Among the entries, how many lines carry the string "modern"? Give the number and nothing else.

Stored entries:

--- --- ---

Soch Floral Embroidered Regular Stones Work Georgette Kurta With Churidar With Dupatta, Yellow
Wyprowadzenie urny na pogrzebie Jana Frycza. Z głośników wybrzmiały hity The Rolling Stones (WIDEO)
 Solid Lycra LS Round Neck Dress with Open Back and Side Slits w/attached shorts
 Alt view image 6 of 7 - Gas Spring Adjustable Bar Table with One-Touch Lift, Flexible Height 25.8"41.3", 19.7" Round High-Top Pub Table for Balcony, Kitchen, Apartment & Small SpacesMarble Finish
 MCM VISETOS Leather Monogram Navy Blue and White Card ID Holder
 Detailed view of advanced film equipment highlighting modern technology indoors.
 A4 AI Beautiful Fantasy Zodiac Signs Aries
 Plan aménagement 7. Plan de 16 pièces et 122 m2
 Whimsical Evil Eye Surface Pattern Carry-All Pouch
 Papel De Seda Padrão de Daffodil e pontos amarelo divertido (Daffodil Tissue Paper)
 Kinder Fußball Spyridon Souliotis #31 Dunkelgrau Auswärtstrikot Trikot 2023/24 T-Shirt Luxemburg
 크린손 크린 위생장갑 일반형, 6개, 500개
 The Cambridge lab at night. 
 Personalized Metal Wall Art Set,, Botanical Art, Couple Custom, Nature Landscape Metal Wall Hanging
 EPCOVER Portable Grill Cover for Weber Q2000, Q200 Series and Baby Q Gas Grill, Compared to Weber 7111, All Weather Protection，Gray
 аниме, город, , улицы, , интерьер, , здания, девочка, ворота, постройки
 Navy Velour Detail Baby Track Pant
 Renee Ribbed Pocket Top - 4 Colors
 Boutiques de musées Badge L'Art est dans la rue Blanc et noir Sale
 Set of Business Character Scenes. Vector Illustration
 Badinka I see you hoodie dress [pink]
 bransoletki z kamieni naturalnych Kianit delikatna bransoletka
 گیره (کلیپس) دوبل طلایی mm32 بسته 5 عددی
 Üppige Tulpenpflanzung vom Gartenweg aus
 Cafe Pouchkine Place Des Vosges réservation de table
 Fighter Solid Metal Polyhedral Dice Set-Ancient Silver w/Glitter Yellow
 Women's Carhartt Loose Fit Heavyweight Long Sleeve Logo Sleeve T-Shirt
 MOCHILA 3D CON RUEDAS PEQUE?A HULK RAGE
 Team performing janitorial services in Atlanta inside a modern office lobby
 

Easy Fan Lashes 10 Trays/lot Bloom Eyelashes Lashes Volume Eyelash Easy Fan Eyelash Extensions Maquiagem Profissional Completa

--- --- ---

*Result below*
2